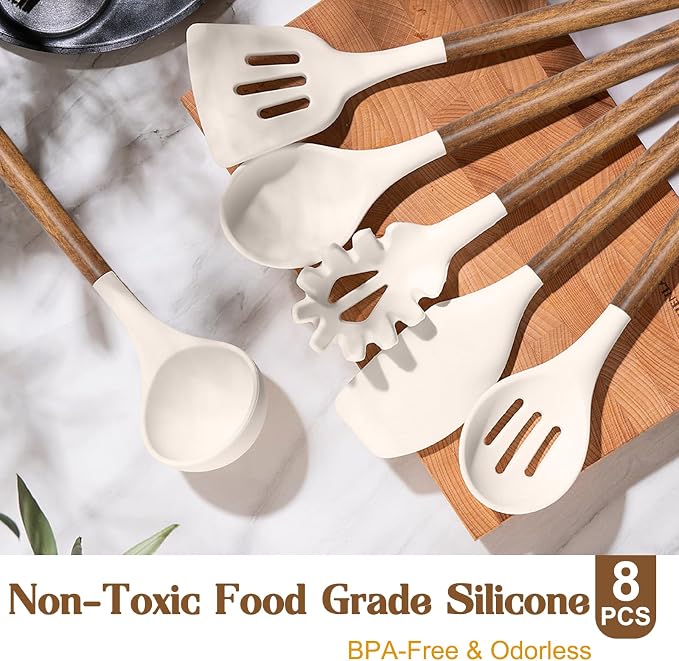 Silicone Cooking Utensil Set, Umite Chef 8-Piece Kitchen Utensils Set - Image 2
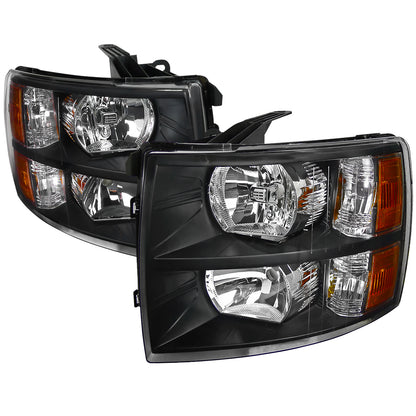 Spec-D 2007-2013 Chevrolet Silverado 1500/ 2007-2014 Silverado 2500HD 3500HD OE Style Black Headlights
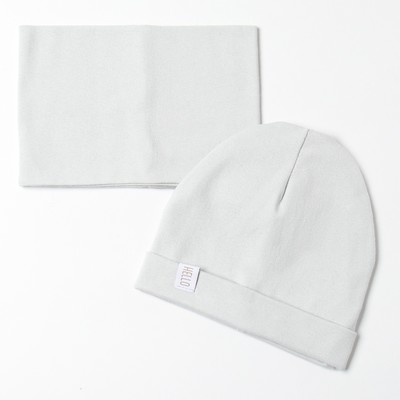 Шапка детская со снудом «Крошка Я», размер 40, серая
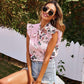 Anna-Kaci Japanese Floral Print Tied High Neck Sleeveless Blouse for Women Large 8-10 / Pink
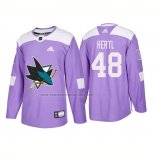 Camiseta Hockey San Jose Sharks Tomas Hertl Autentico 2018 Fights Cancer Violeta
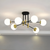 Lustra cu Abajur Alb Rotund, PENTHOUSE Lounge, 6xE27, Negru Auriu, Metal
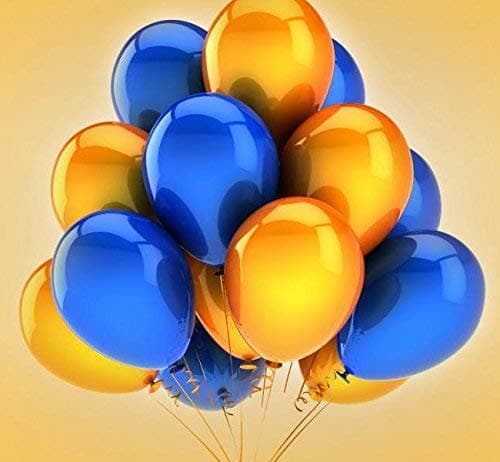 Balloonistics Blue & Gold Metallic Balloons – Pack of 100 Party Balloons for Birthday, Anniversary & Celebration Decorations thumbnail 2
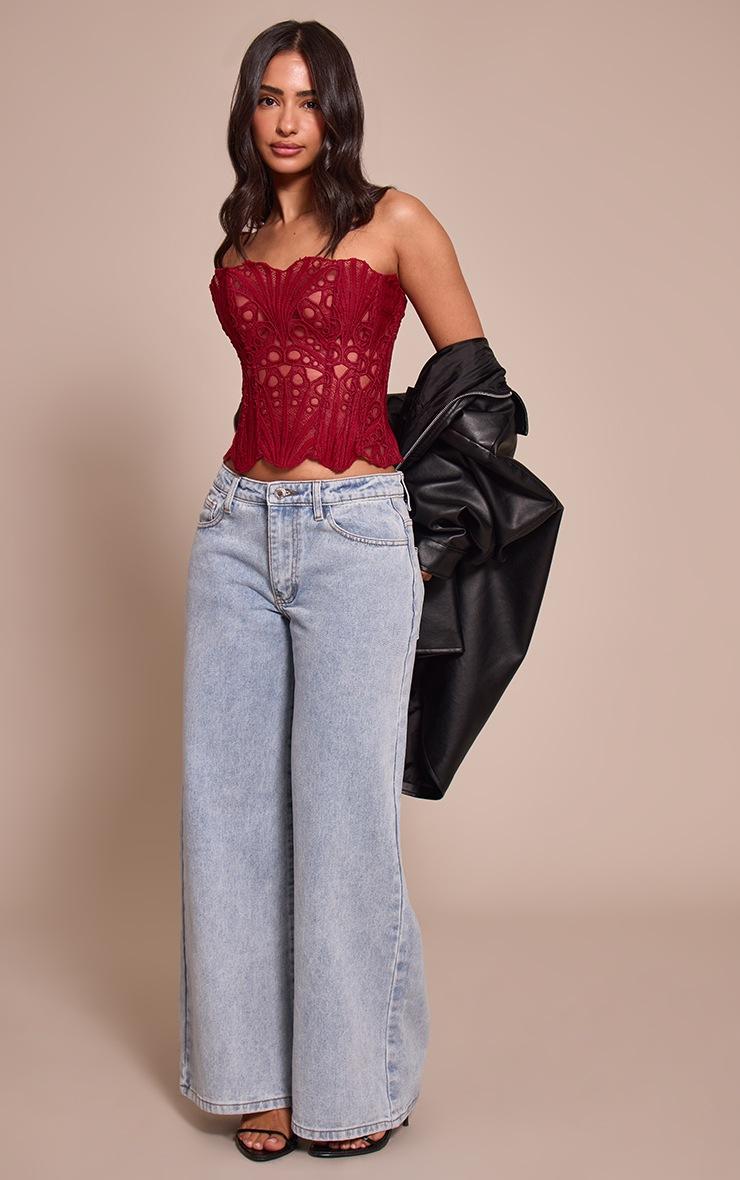 Pretty Little Thing Petite Burgundy Textured Sheer Floral Lace Corset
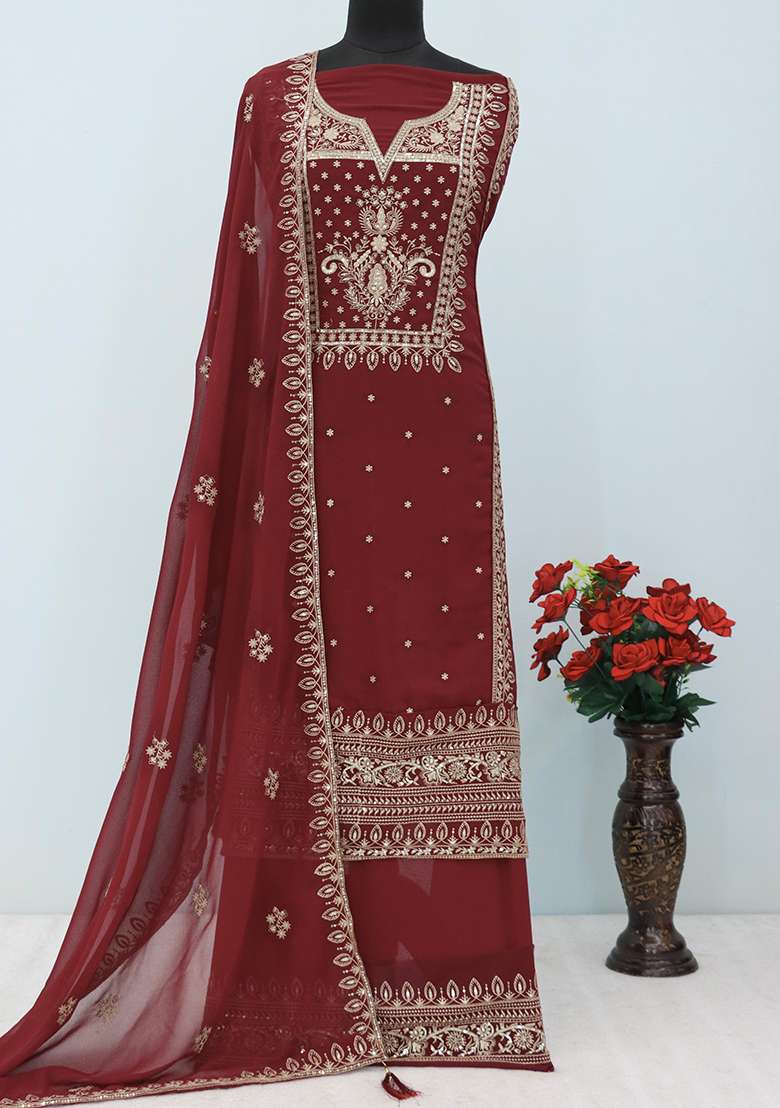 Brown Embroidered Chinon Pakistani Suit Set - Indya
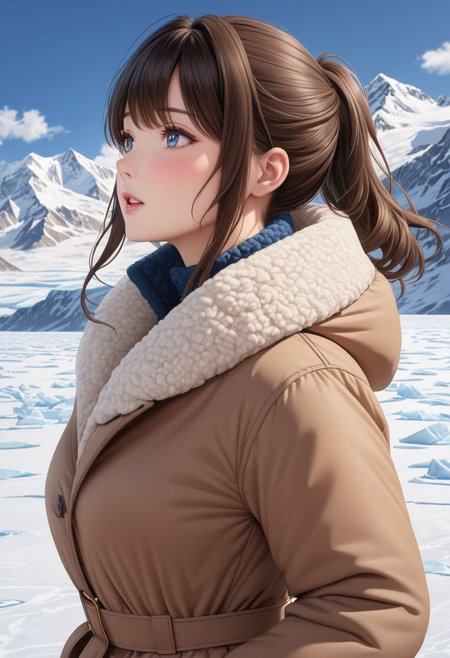 ((((masterpiece)))), ((((best quality)))), ((intricate details)), ((((photorealistic)))), RAW, 8K UHD, (1girl), (office lady), a realistic representation of the face, detailed face, beautiful face, charming, bonny, (erotic face), (long messy brown hair), (blue eyes), ((((Oversized sherpa padded down coat)))), ((walking on icefield)), (cold), dynamic pose, (((blush))), (((heavy breathing))), (((feels orgasm))), wind, (Thick padded collar:1.4), (TSH:1.4), (Thick padded cuffs:1.4)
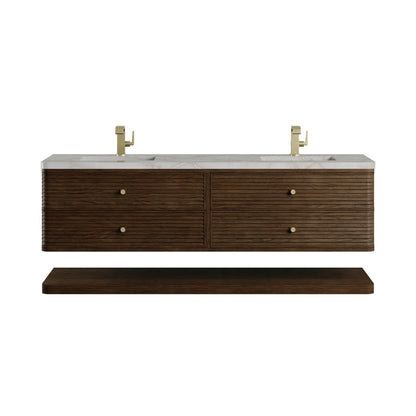 Allamari 72" Double Vanity, Sable w/ Single Hole 3 CM Victorian Silver Silestone Top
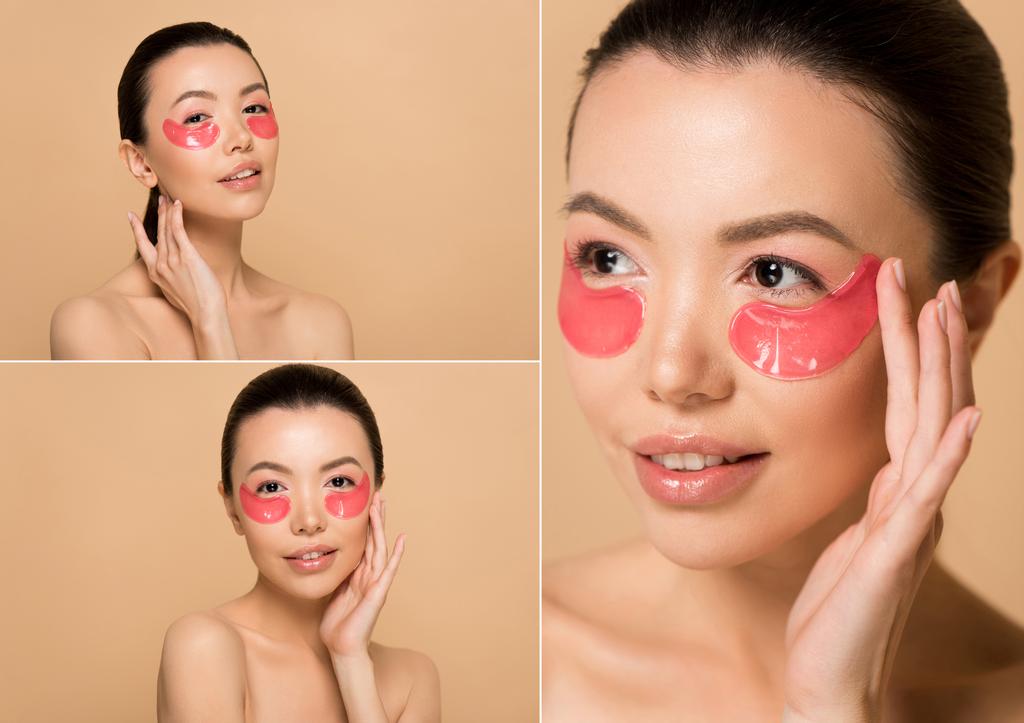 collage with attractive naked asian girl with pink collagen eye pads isolated on beige - Photo, Image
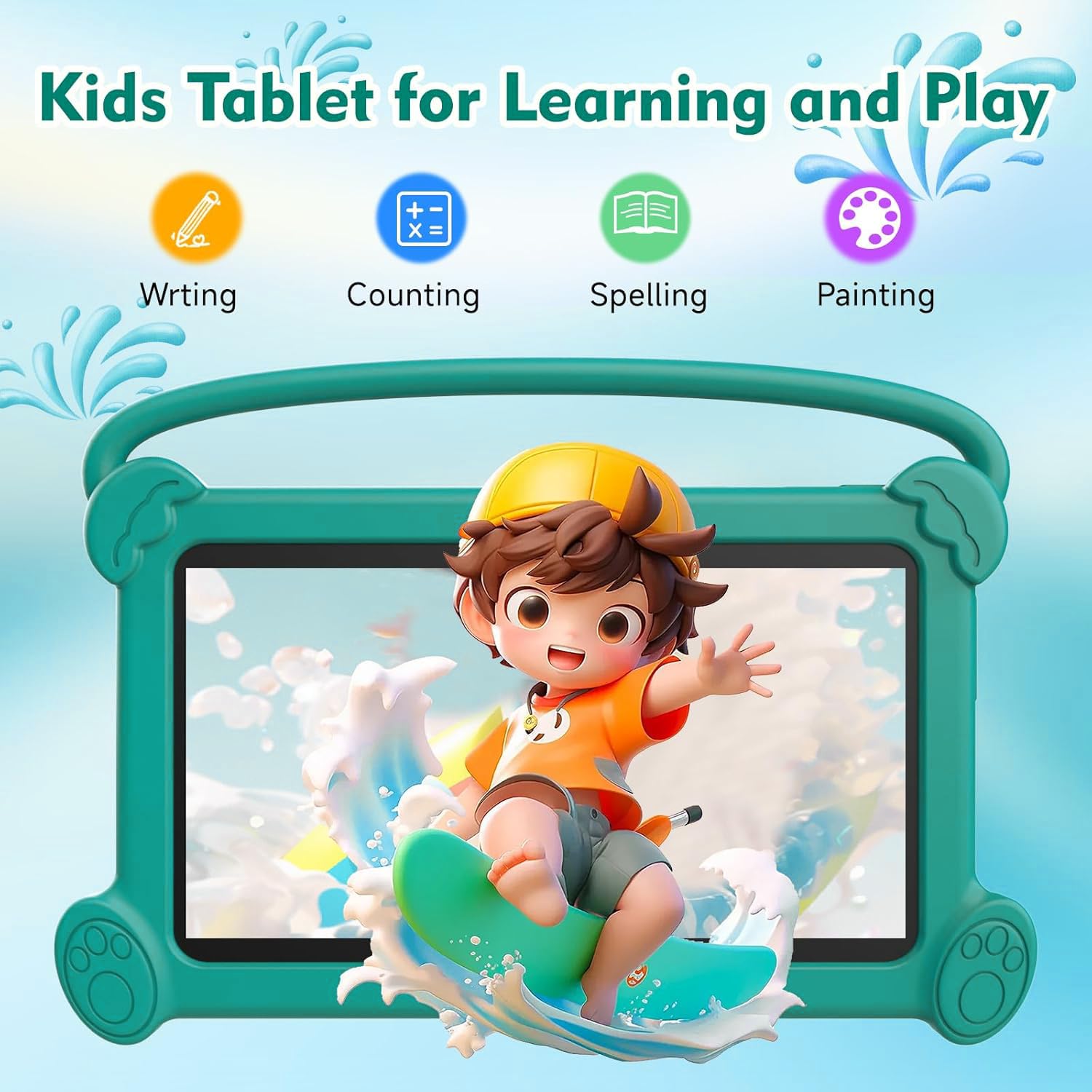 Tablet per bambini da 7 pollici 3-9 per bambini, 32 GB ROM con custodia antiurto, software Android per bambini installato Netflix, YoutTube, app aiwawa, controllo genitori, doppia fotocamera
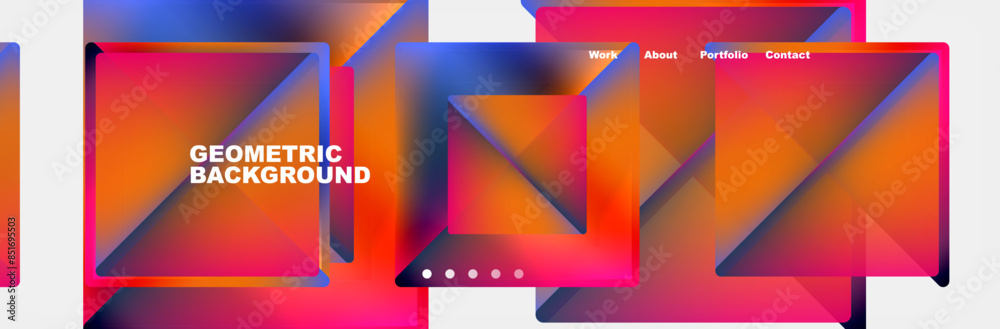 Fototapeta premium Colorful fluid gradient triangles and squares web site template. Vector Illustration For Wallpaper, Banner, Background, Card, Book Illustration, landing page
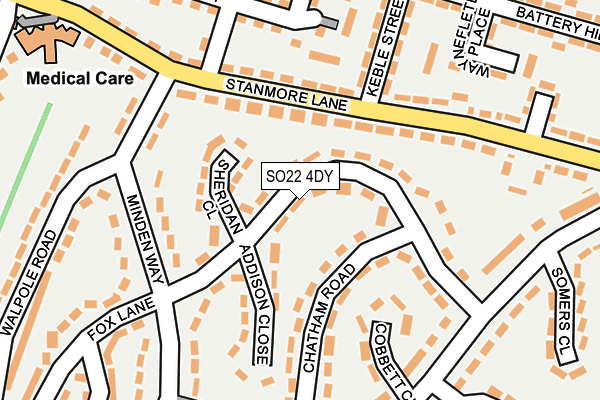 SO22 4DY map - OS OpenMap – Local (Ordnance Survey)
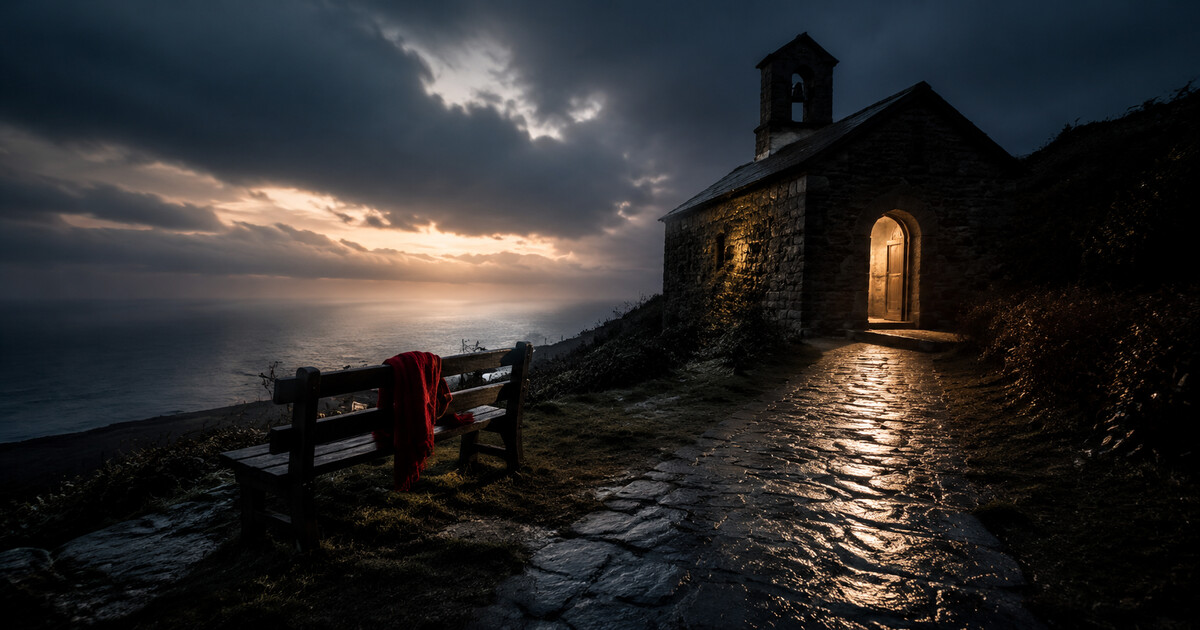 A rain-darkened path leading toward warm morning light through an open chapel doorway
____
> _Work to complete_:
After removing the pictures, set down every record above exactly as it stands.

> _Output of the task_:
 Silicone Cooking Utensil Set, Umite Chef 8-Piece Kitchen Utensils Set - Image 2
 Spec-D 2007-2013 Chevrolet Silverado 1500/ 2007-2014 Silverado 2500HD 3500HD OE Style Black Headlights
 Шапка детская со снудом «Крошка Я», размер 40, серая
 Anna-Kaci Japanese Floral Print Tied High Neck Sleeveless Blouse for Women Large 8-10 / Pink
 Camiseta Hockey San Jose Sharks Tomas Hertl Autentico 2018 Fights Cancer Violeta
 Lustra cu Abajur Alb Rotund, PENTHOUSE Lounge, 6xE27, Negru Auriu, Metal
 Balloonistics Blue & Gold Metallic Balloons – Pack of 100 Party Balloons for Birthday, Anniversary & Celebration Decorations thumbnail 2
 Pretty Little Thing Petite Burgundy Textured Sheer Floral Lace Corset
 Brown Embroidered Chinon Pakistani Suit Set - Indya
 ((((masterpiece)))), ((((best quality)))), ((intricate details)), ((((photorealistic)))), RAW, 8K UHD, (1girl), (office lady), a realistic representation of the face, detailed face, beautiful face, charming, bonny, (erotic face), (long messy brown hair), (blue eyes), ((((Oversized sherpa padded down coat)))), ((walking on icefield)), (cold), dynamic pose, (((blush))), (((heavy breathing))), (((feels orgasm))), wind, (Thick padded collar:1.4), (TSH:1.4), (Thick padded cuffs:1.4)
 Allamari 72" Double Vanity, Sable w/ Single Hole 3 CM Victorian Silver Silestone Top
 collage with attractive naked asian girl with pink collagen eye pads isolated on beige - Photo, Image
 Tablet per bambini da 7 pollici 3-9 per bambini, 32 GB ROM con custodia antiurto, software Android per bambini installato Netflix, YoutTube, app aiwawa, controllo genitori, doppia fotocamera
 Fototapeta premium Colorful fluid gradient triangles and squares web site template. Vector Illustration For Wallpaper, Banner, Background, Card, Book Illustration, landing page
 SO22 4DY map - OS OpenMap – Local (Ordnance Survey)
 A rain-darkened path leading toward warm morning light through an open chapel doorway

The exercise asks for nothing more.